Sofia pareceu-me bastante entusiasmada com as ideias musicais surgidas a partir da leitura da análise e esse comportamento se refletiu em sua performance com gestos mais incorporados ao conteúdo expressivo do Lamento. A integração da participante aos elementos musicais contidos no movimento proporcionou-lhe um potencial comunicativo muito maior. Sua sonoridade nas passagens modais destacou-se da gravação anterior (G1) por criar gestos corporais que acompanhavam o percurso das ressonâncias projetadas pelas notas acentuadas. Esse processo gradativo de compreensão musical de Sofia assemelha-se ao pensamento de Merleau-Ponty (1971): “A apreensão das significações se faz pelo corpo: aprender a ver as coisas é adquirir um certo estilo de visão, um novo uso do corpo próprio, é enriquecer e reorganizar o esquema corporal”. (MERLEAU-PONTY, 1971, p. 212). Quanto aos aspectos relativos à estabilidade do andamento e à observação dos tempos das pausas, ela prosseguiu com as mesmas ideias apresentadas na G1. Similar à G1, cometeu o mesmo engano na realização das oitavas na 4ª pauta, submetendo a mão esquerda a uma oitava acima, ao contrário do que a partitura indicava (oitava acima somente para a mão direita).

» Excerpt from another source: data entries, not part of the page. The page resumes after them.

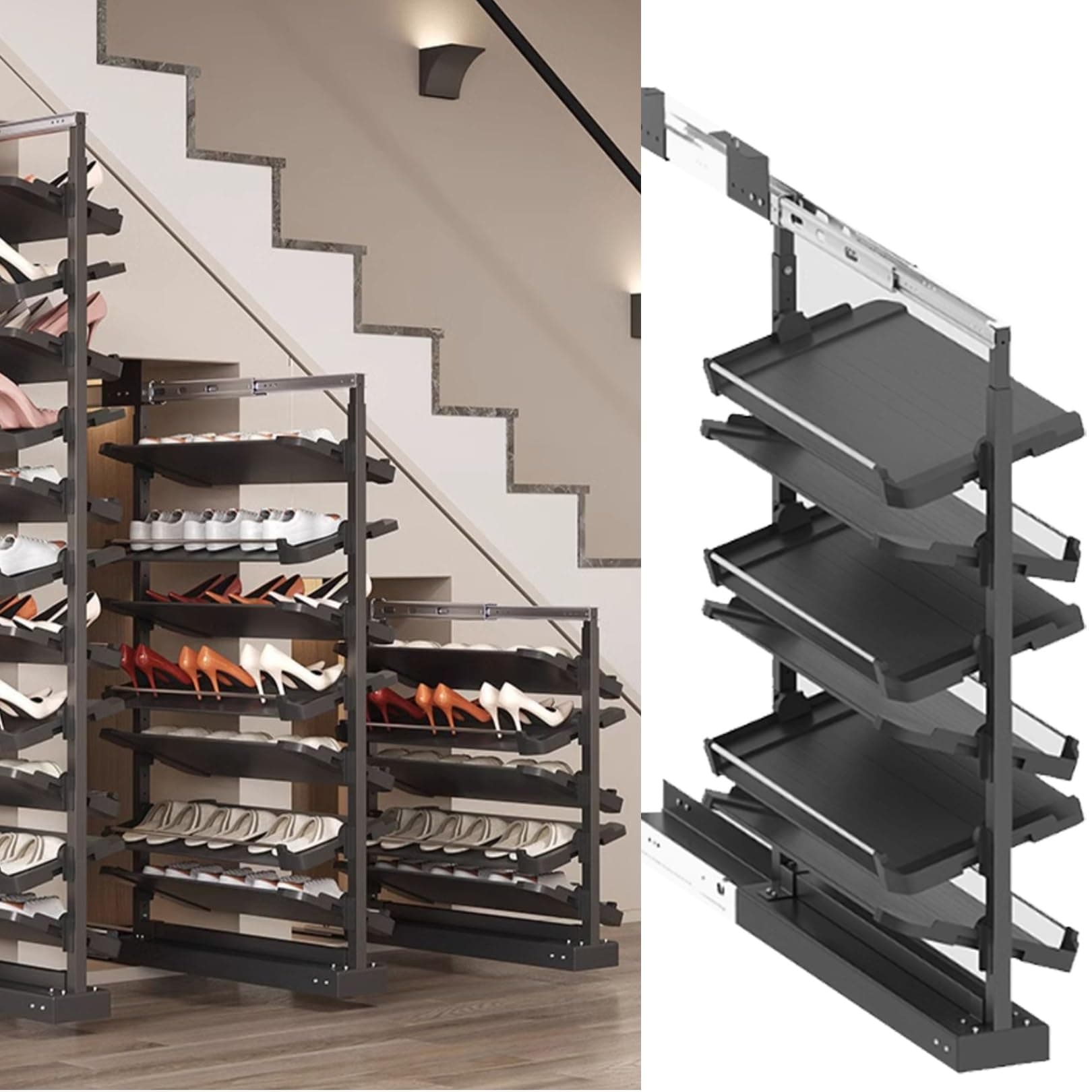 Pull-Out Shoe Rack Organizer for Closet Shoe Cabinet,Adjustable Height Retractable Metal Stackable Shoe Rack, Vertical Shelf Organizer for Small Bedroom Closet, Space Saving Storage, Black(43cm,6 Tier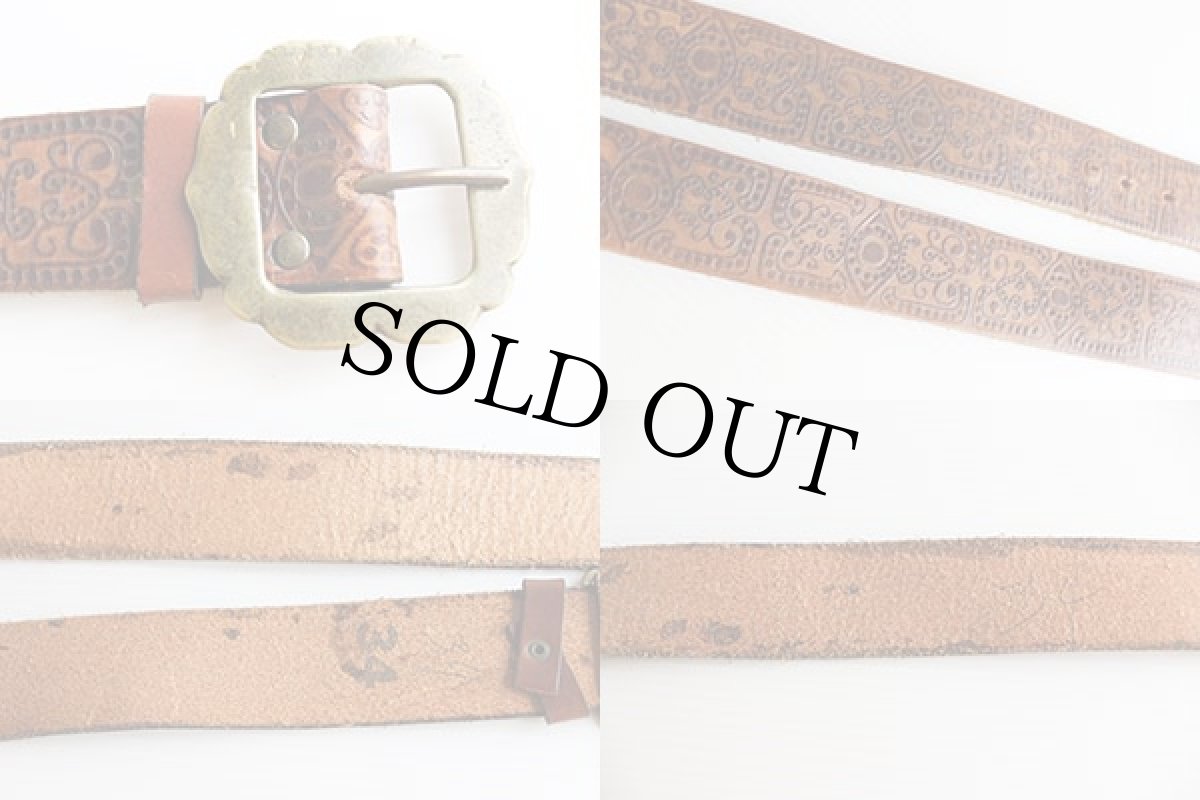 画像3: 70s UNKNOWN カービング レザーベルト 34★378 (3)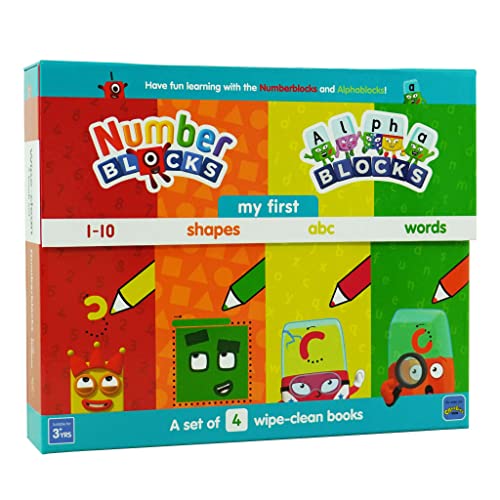 Numberblocks and Alphablocks: My First Numbers & Letters Wipe-Clean Books & Pens Set - Alphabet, Phonics Words, Numbers & Shapes (Pack of 4) (Numberblock Wipe Clean Titles)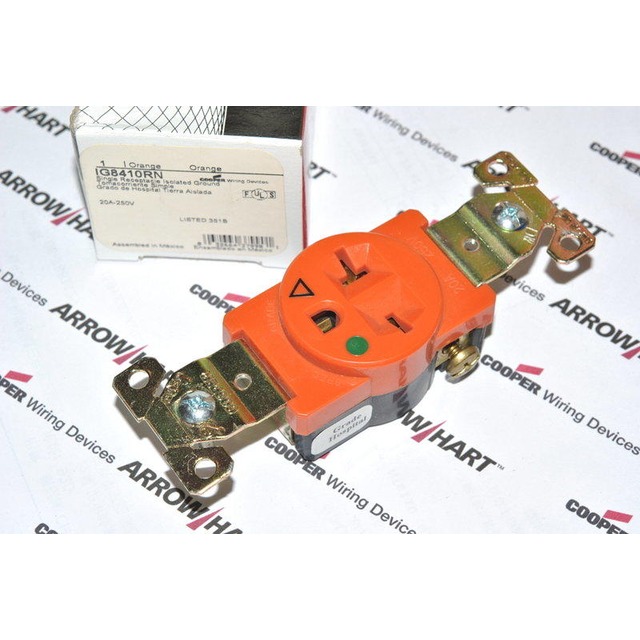 美國EATON/COOPER IG8410RN 20A 250V 單聯單電源 獨立接地 橘色醫療級電源插座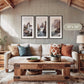 Misty Cliffs Painting Triptych - Sage and Rose Prints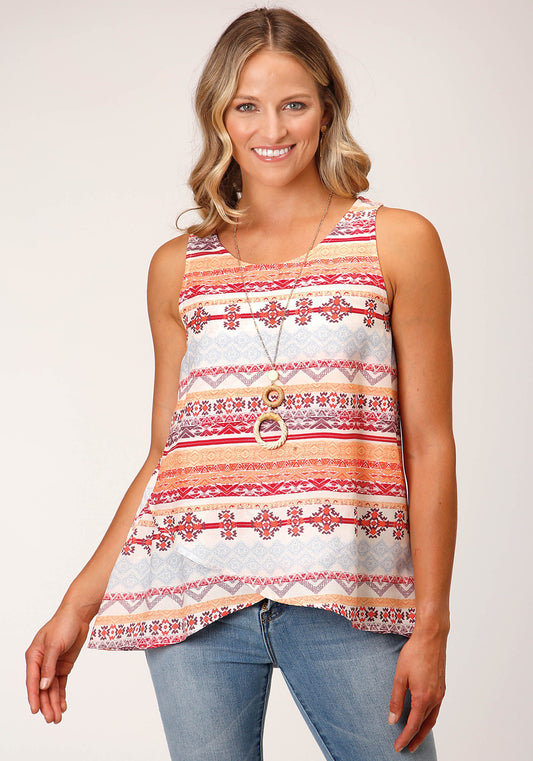 Roper Womens Sleeveless Aztec Print Rayon Tank Blouse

Em relação ao movimento “Dança”, o andamento mais lento conferido ao movimento (aprox. ♩=90), uma vez que a partitura indicava (♩=100), fez com que ela perdesse um pouco a fluência no início do movimento. Similar à G1, nessa gravação valorizou o sinal de crescendo no c. 7 (G2S 00‟18‟‟), realizando uma pequena respiração através da retomada da sonoridade p. Logo no início do c. 9 (GS 00‟21‟‟), manteve em todos os padrões rítmicos um decrescendo no final das sequências dos arpejos, fazendo com que os dois últimos acentos de cada compasso perdessem a intensidade e a clareza. Por outro lado, observou o sinal de crescendo no início do c. 20, resultando em uma bela respiração ao iniciar a frase (G2S 00‟36‟‟). Na Transição (c. 28 a 31), mais uma vez as ligaduras de duas notas não foram consideradas e o uso do pedal impediu a clareza desse tipo de articulação. Na parte A‟, à medida que o andamento começou a fluir, os acentos se tornaram mais evidentes, talvez pela presença do impulso do antebraço nos acentos. Já na Parte C, Sofia mostrou uma pequena tendência em acelerar o andamento, ocasionando, na retomada da Parte B‟, o andamento um pouco mais rápido em relação ao início da obra, com a presença de pequenos esbarros (G2S 2:11). Esse pequeno desequilíbrio pode ter causado a ausência do decrescendo antes da retomada da frase final da Dança (2‟14‟‟, c. 64), assim como a preparação para o crescendo nos últimos compassos (2‟15‟‟, c. 65).